Back to the scenario, so the guy loves you so much that he doesn't want to keep hurting you, and it's very mature of him to realize what he's doing, but why back out now? He's already in this deep, so keep going. The whole point of realizing your mistakes is to FIX them, to CHANGE what you're doing not to just sweep them under your bed, and never look at them again. No, to the guys, take those mistakes throw them in the trash can, take that bag of trash out, and put a fresh trash bag in that trash can. In other words, don't back out, start fresh.
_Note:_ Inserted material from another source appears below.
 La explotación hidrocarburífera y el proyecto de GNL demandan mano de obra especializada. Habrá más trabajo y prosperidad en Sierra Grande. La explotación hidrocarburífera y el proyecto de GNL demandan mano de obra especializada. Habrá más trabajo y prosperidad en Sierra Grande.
If you love someone, really love them, then fight the good fight because all we want (ladies) is to feel like we're worth fighting for.
Wednesday, July 22, 2015
Out of Sight, Still in Mind
Part of me has hope, part of me wants to give up, all me trusts God, but none of me wants to sit around and wait for my "dreams to come true" or to see if they ever will. Now, even though that "out of sight, out of mind" cliche doesn't apply to me, I do have to say that it gets easier. What makes it easier is not that I'm getting over it, or that the pain is subsiding, no, because it hurts as if it were still a fresh wound, what really makes it easier is that I'm adapting to the pain. It's a lot easier for me to hide my sadness, to hide the pain that I'm feeling because I learned how to (cliche alert) dance in the rain. All thanks to the Big Man upstairs because I don't think I'd do this well if it weren't for him.
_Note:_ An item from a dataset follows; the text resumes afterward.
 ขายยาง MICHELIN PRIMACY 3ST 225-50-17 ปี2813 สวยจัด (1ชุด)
Anyway, I learned how to put on a happy face, be the silly person I was before all of this happened, while crying and expressing my hurt/frustrations to God behind closed doors. If I couldn't hold it in while I was in public, I did have friends who were there for me. Although for some, I had to stop showing my true feelings because I felt like they expected me to be over it just like that, but that is for another post. All in all I had to learn how to work my sadness, not let it work me. I'm a girl of major emotion, and when there's something wrong it's all over my face, and when you come up to me, depending on who you are, I'll burst out into tears (I've improved). By the way, when I say that I've learned to "work my sadness," I don't mean that I've been flaunting it around like a trophy, no. I mean that...hm...let's put it this way, it's like wearing underwear; it's there, it's on you, but no one can see it...unless you show it to them. Anyway, people may have different types of "easier," but that's how it has gotten easier for me.
Tuesday, July 21, 2015
Bob the relationship builder
Number 1: I didn't want to wait because I was in pain.
Number 2: I was tired of seeing that guy treat me like I didn't exist because it was causing more pain.
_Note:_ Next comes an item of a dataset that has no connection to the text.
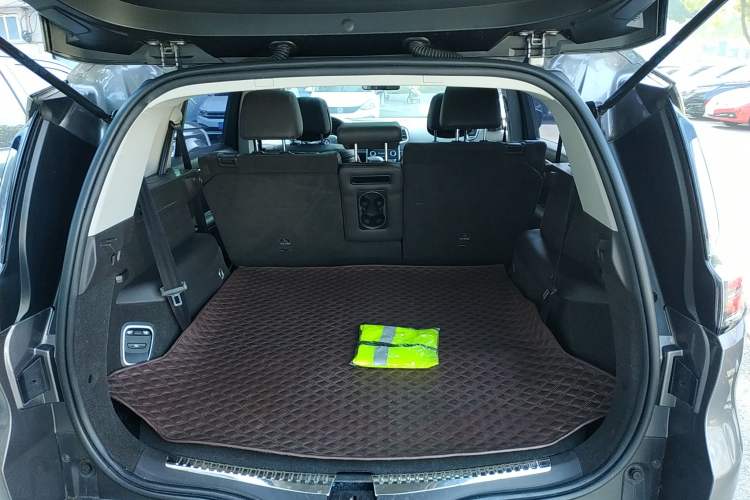 Used Renault Espace Classic 2018 TCe 300 Prestige Edition Trunk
Number 3: For the first time, I didn't know what the future looked like, and that hurt most of all.
I realized that God allowed this to happen so that I could finally turn to him, and surrender. So, that I could learn what it really means to trust him. God wanted me to have a blindfold on in this situation, so that I could take his hand, and let him lead. That doesn't mean that I haven't bumped into obstacles because I have, and that's because I listened to what was going on around me. Even though God had my hand, he didn't have my legs. I still let what other people said stop me dead in my tracks (I'll get to that later). Anyway, this blindfold thing is still on. I still have no idea what's going on, and I still have no idea what's going to happen. The only thing that I'm sure of is God's hand.